Currently, the 8 ⅝-in. expandable liner installed in GEA wells has always been covered up by an internal reservoir liner that has a barrier-qualified liner hanger. The production packer then has to be set further up in the 10 ¾-in. liner compared with a production packer in a standard well design. This may be a critical issue in the case of poor cementing behind the 10 ¾-in. liner.
There are a couple of positive effects to having a barrier-qualified liner and anchor hanger combined with good cement behind the expandable liner.
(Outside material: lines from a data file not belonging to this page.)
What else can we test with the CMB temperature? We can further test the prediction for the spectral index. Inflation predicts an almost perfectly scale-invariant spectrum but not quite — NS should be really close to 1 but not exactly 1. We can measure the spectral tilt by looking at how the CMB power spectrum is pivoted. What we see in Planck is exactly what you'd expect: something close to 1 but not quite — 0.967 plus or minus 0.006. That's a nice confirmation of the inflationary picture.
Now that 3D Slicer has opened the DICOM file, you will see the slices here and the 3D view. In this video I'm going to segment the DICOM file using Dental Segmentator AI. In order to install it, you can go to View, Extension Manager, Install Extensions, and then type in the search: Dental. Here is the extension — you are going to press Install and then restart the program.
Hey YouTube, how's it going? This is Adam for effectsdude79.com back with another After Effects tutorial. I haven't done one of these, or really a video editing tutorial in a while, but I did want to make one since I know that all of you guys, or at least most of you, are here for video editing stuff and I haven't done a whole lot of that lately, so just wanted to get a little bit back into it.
First, the length of the 5-in. liner can be made shorter, which will reduce the cementing equivalent circulating density, thus reducing the risk of losses during the 5-in. liner cementing. Second, the production packer can be set deeper, which means the gas lift mandrel can be installed deeper to provide better lift efficiency should it be needed.
A combination of expandable liner and swell packer application in GEA wells will possibly be beneficial for zonal isolation purposes in the weak zone where the probability of getting a poor cement job is high. For example, it can be used as open-hole expandable liner clad across the expected weak zone on the top of the Ekofisk reservoir or in the reservoir section.
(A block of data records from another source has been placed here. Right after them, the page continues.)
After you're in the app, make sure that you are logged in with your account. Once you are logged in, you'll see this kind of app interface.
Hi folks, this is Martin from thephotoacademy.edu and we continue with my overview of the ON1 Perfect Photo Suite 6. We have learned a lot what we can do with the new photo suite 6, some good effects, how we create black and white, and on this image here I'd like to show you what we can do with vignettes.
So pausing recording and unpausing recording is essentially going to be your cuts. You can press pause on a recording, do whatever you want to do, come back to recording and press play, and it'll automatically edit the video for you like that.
This application requires further evaluation and planning. The open-hole swell packer may require thicker elastomers, which will contribute to significant rheological and mechanical friction during running of the liner in long-reach wells. It is also important to test and evaluate the compatibility between the swell packer and the completion and stimulation fluids in the well. This application may also increase the run efficiency as cementing is not required.
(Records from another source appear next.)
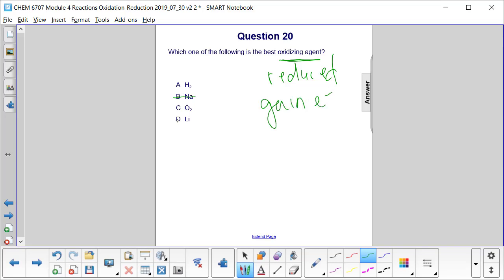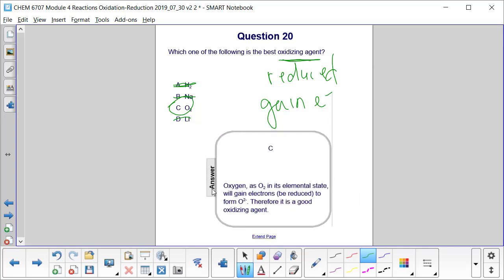These metals we can get rid of because we know that they lose electrons. Same with this hydrogen with its one valence electron. But oxygen we know will easily gain electrons in a chemical reaction to form a 2-minus ion. Therefore it is a good oxidizing agent. So the answer here is C.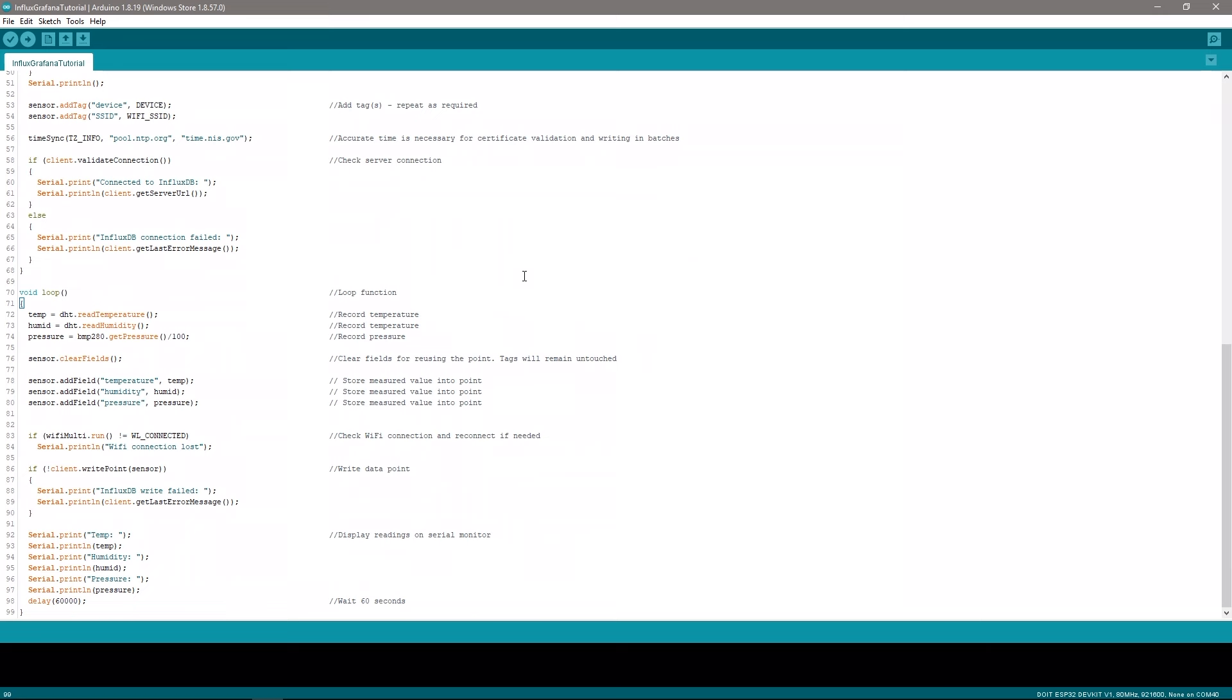Next we have our loop function. This is a set of code that is run over and over as long as the ESP32 continues to be powered. So in our case we add another line of readings to our table in our database each time we loop through this set of code. First we use our DHT11 and BMP280 libraries to get the current sensor readings from the two sensors. We then tell our database library which column of our table each of these values should be stored under. We then check our Wi-Fi connection and reconnect to the network and database if we need to, and we then write our measured values to our database as a single line of data so the three measured values will all have the same timestamp.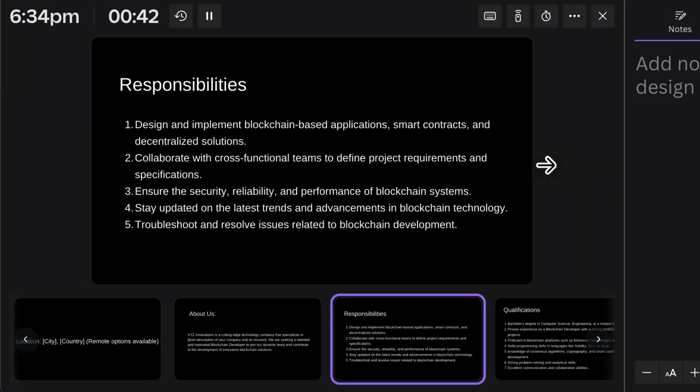In the job responsibilities, the first thing is to design and implement blockchain-based applications. The developer needs to know how to design and build a basic dApp and understand the applications of blockchain. Second, they must know how to write smart contracts. Third, they need to understand how decentralization can help solve real-world problems — for example, problems with today's financial system where banks control your money transfers.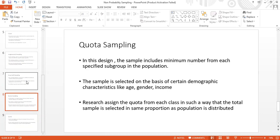The fourth type of non-probability sampling is quota sampling. In this design, the sample includes a minimum number from each specific subgroup in the population. For example, within an organization I might create subgroups: Grade A, Grade B, Grade C, and Grade D employees, where Grade C represents 50% of employees and Grade D represents 40%.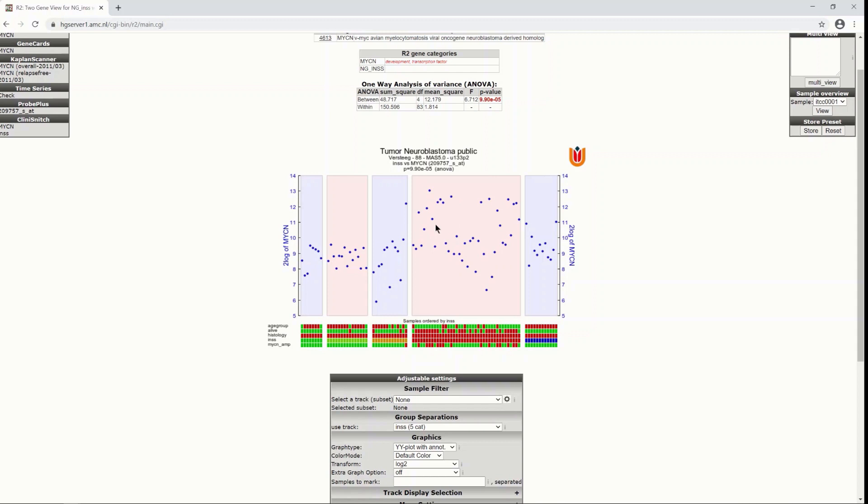Also you see on top of the graph a table that shows you the one-way analysis of variance results and you see a p-value that shows a quite significant result.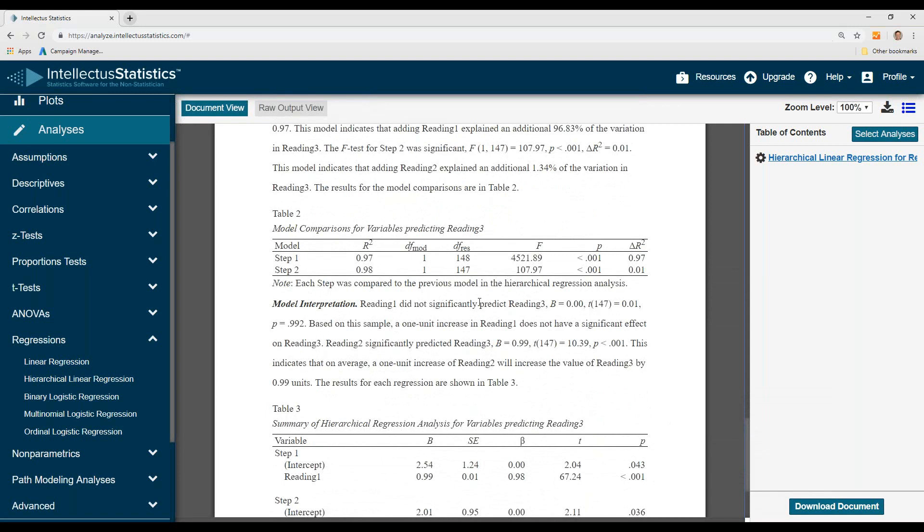Here's the APA style table with the R square for each of the steps. And then the model interpretation. Reading 1 did not significantly predict reading 3. Based on a sample, one unit increase in reading 1 does not have an effect on reading 3.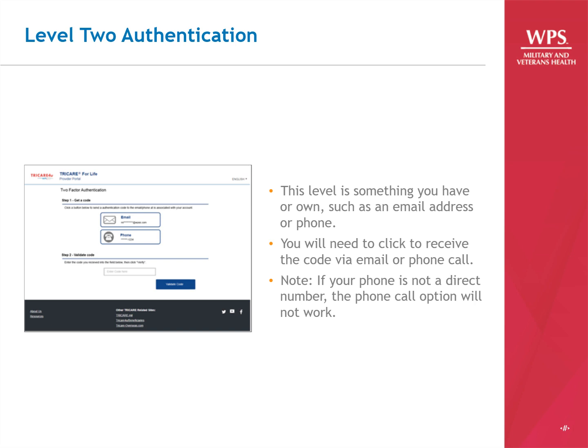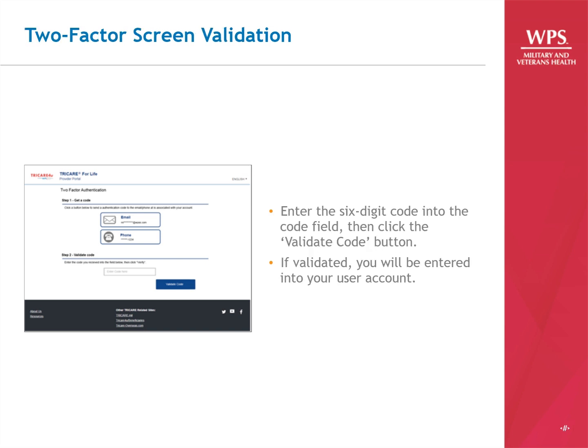Make your choice by clicking either the Email or Phone button. After you make your selection, do not close the internet session you have open at TRICARE4U.com. If you select the Email option or receive phone calls through your computer, open a separate browser window or tab to retrieve those codes. You'll receive an email or a phone call with your six-digit code. Enter that code into the Code field, then click the Validate Code button. Once the system validates the code, you'll be logged into your user account.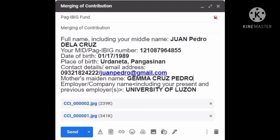These are the information that you should include in your email. First is your full name — you have to include your middle name. Next, your Pag-ibig or MID number. Then the date and place of birth. Also, your contact details: cell phone number as well as your email address.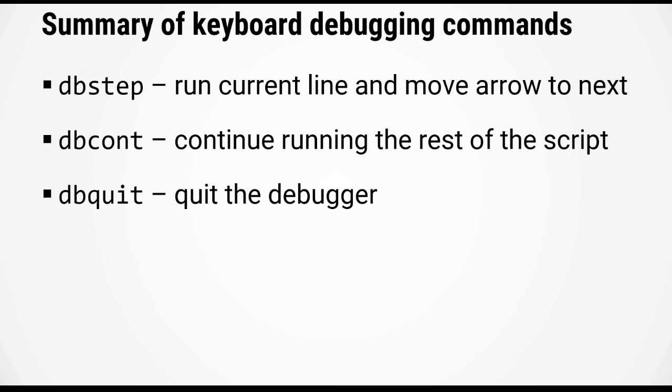So here's a quick summary of the three keyboard debugging commands that we have covered. dbstep tells MATLAB to run the current line and move the arrow to the next. dbcont tells MATLAB to continue running the rest of the script. And dbquit quits the debugger.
There is an additional opportunity for an expandable drilling liner that would provide the same drift size as a previous casing/liner drift. For GEA wells, an expandable liner that can extend the 7 ¾-in. liner (6 ½-in. drift) to isolate the trouble zone while providing a continuous drift would be beneficial to reach even further reservoir targets. In 2019, ConocoPhillips and the supplier developed this solution. However, the first installation did not go as planned. The investigation, evaluation, improvement and planning for the next installation is being carried out. DC
This article is adapted from SPE/IADC 204018, “Successful Installations and Predictable Performance of Solid Expandable Drilling Liner in Greater Ekofisk Field, Offshore North Sea,” presented at the 2021 SPE/IADC International Drilling Conference, 8-12 March 2021.